◆ About this task
What is needed is an exact reproduction of the lines from the one that contains "BABY BOY NAVY" through the end of the data, both included and nothing else, with pictures omitted.

◆ Dataset records

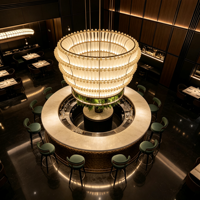 Lustre en acrylique côtelé personnalisé, grande suspension à plusieurs niveaux pour hall d'hôtel, restaurant, bar, projet de luxe, lampe suspendue OEM ODM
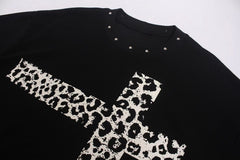 STARRVAINT Leopard Cross Waffle Long Sleeve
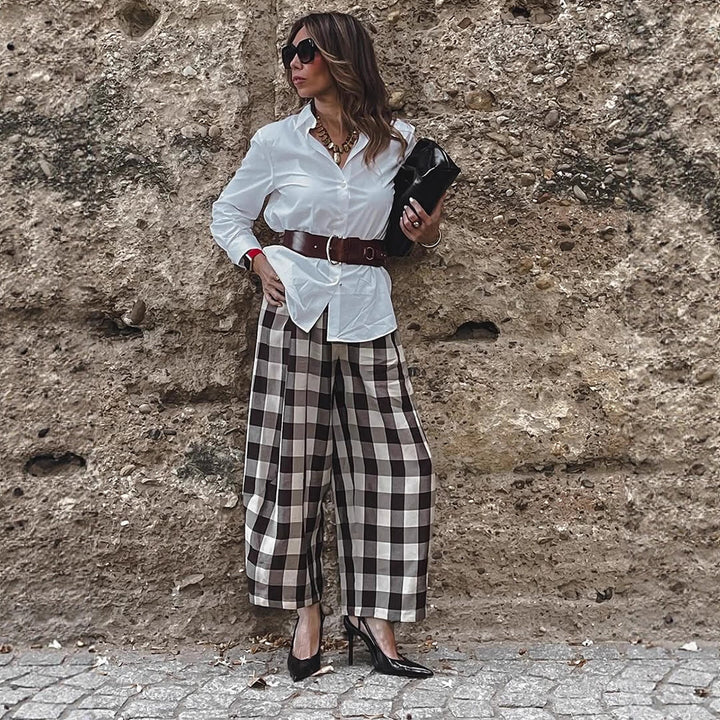 Damen Karo-Hochtaillierte Palazzo-Hose mit weitem Bein & Bundfalten Echoarchiv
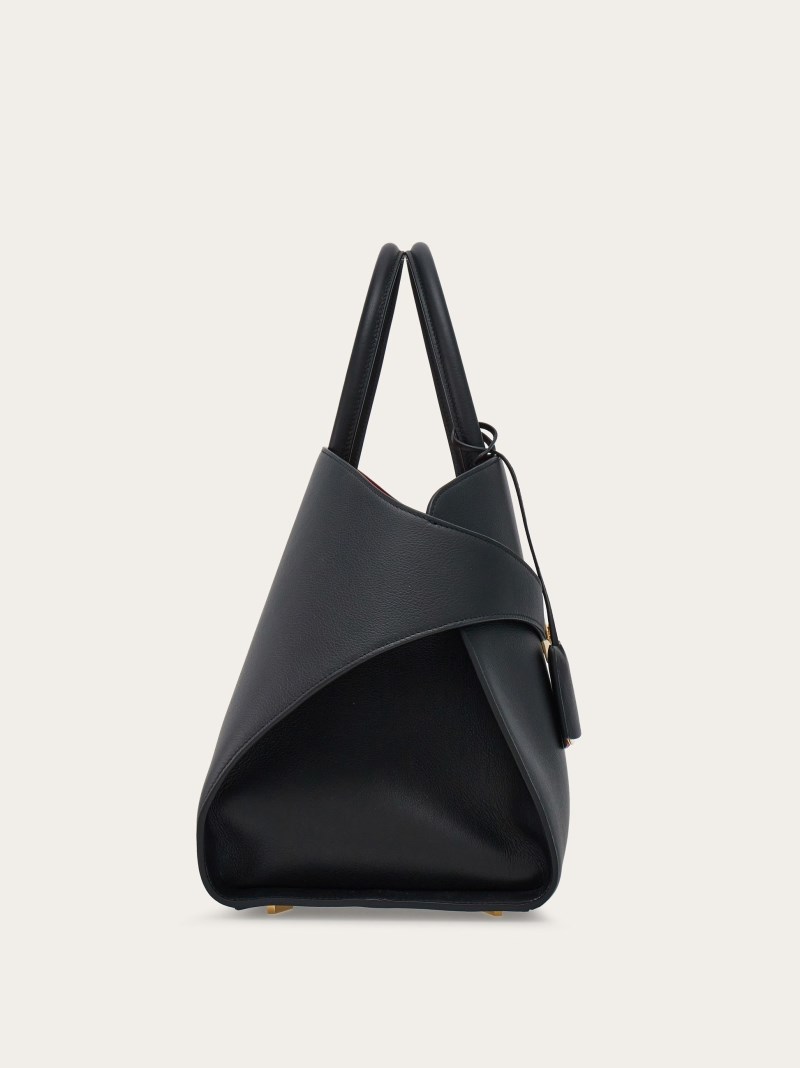 Ferragamo | Women's Hug Bicolor Handbag - Black/Flame Red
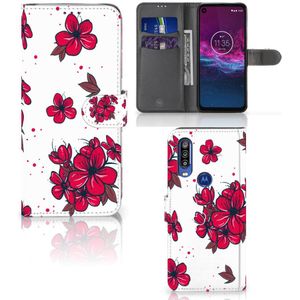 Motorola One Action Hoesje Blossom Red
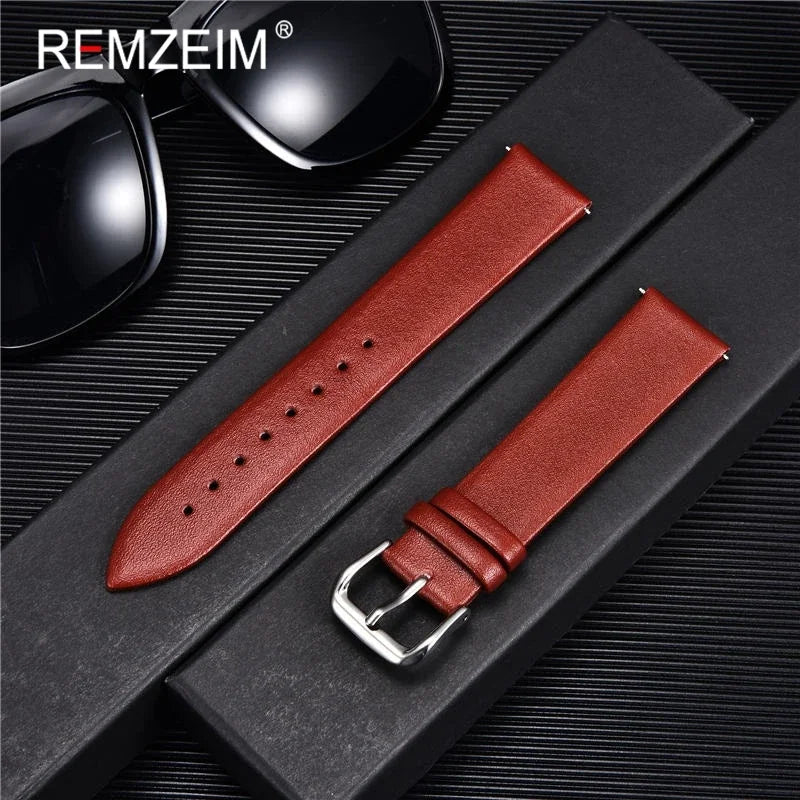 Ultra-thin Genuine Leather Watch Strap in Various Colours - Sizes S, M & L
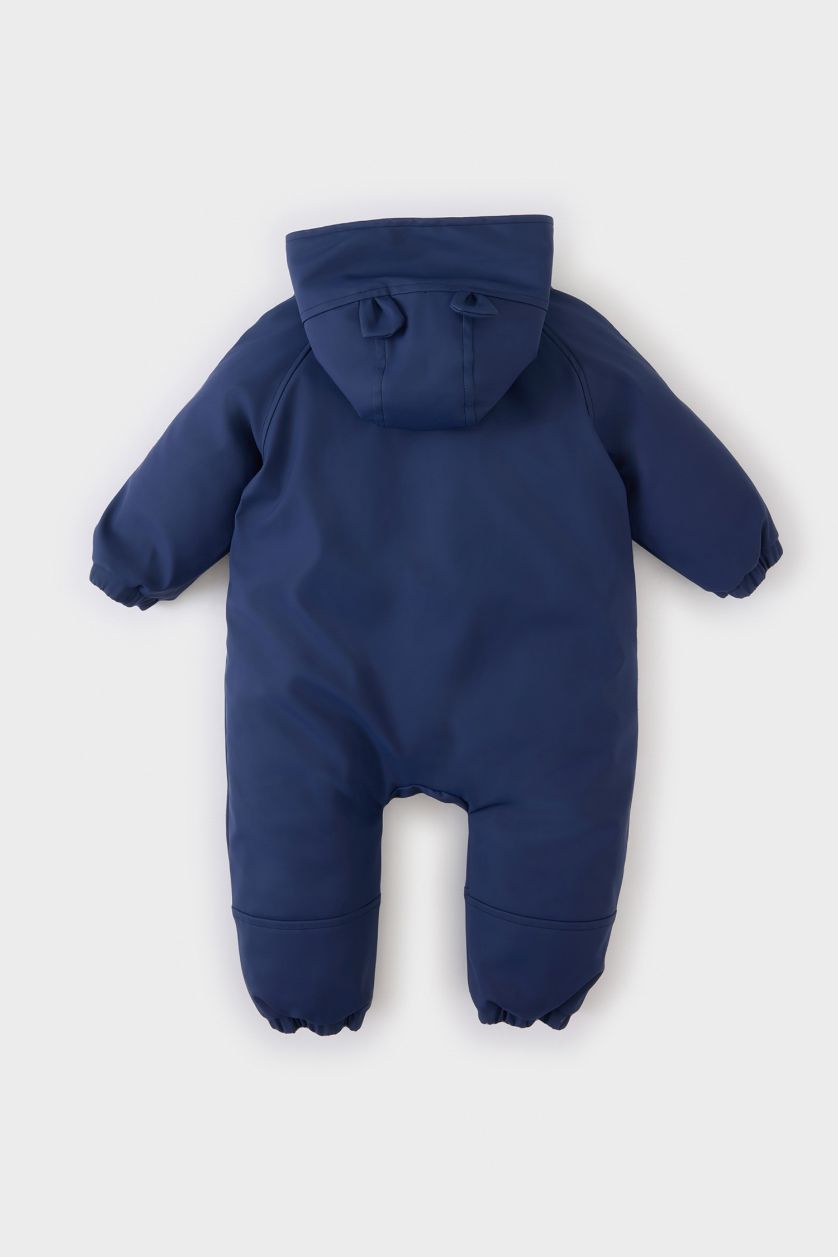 BABY BOY NAVY Baby Boy Waterproof Zippered Hooded Jumpsuit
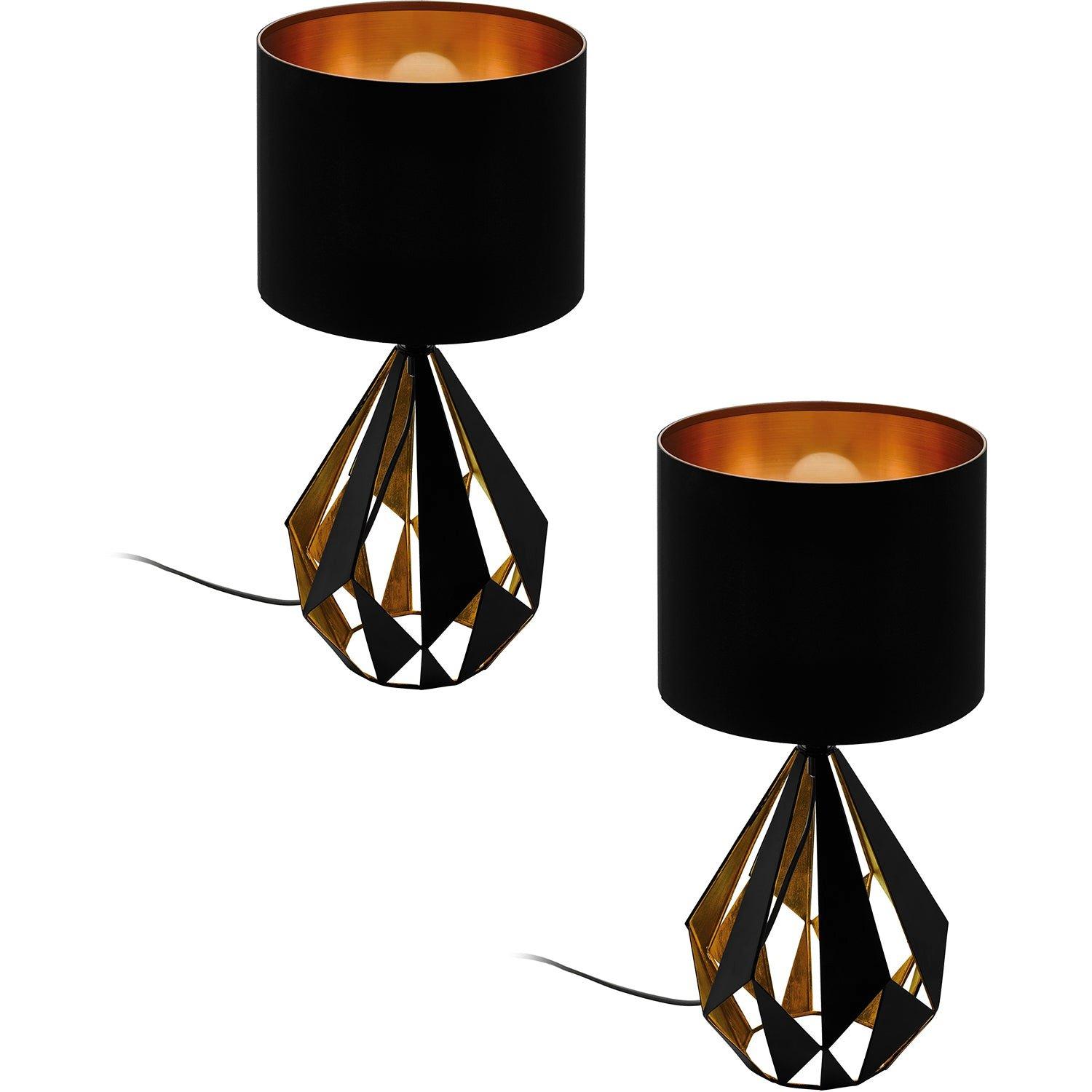 2 PACK Table Lamp Desk Light Black Shade & Copper Geometric 1x 60W E27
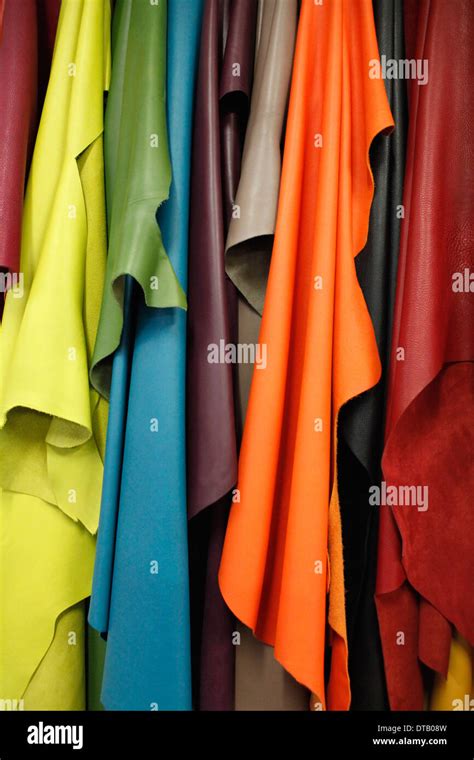 Close-up of various colors of leather textiles Stock Photo - Alamy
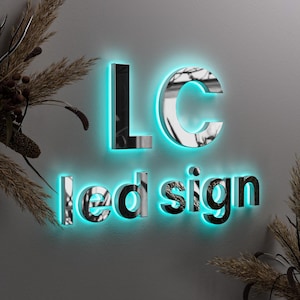 Glow LED Business Sign - Modern Backlit Letters for Store - Waterproof Exterior Wall Sign - Custom Metal Logo - Realtor Gift & Office Decor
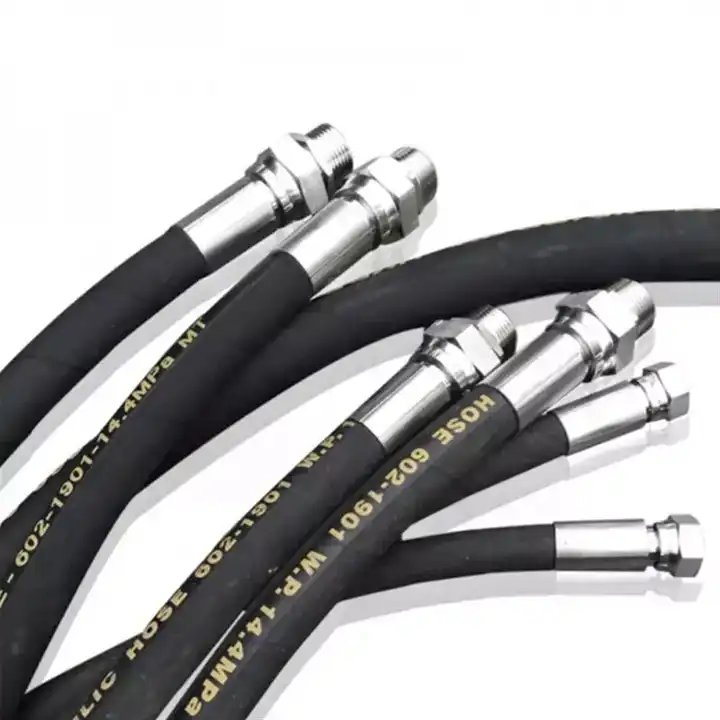Sae100R2At 100r1 High Pressure Hydraulic Rubber Brake Hose Assembly with Joint Flange Retractable Hose Reel (seasonal)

◆ Result of the task
 BABY BOY NAVY Baby Boy Waterproof Zippered Hooded Jumpsuit
 2 PACK Table Lamp Desk Light Black Shade & Copper Geometric 1x 60W E27
 Close-up of various colors of leather textiles Stock Photo - Alamy
 Glow LED Business Sign - Modern Backlit Letters for Store - Waterproof Exterior Wall Sign - Custom Metal Logo - Realtor Gift & Office Decor
Sae100R2At 100r1 High Pressure Hydraulic Rubber Brake Hose Assembly with Joint Flange Retractable Hose Reel (seasonal)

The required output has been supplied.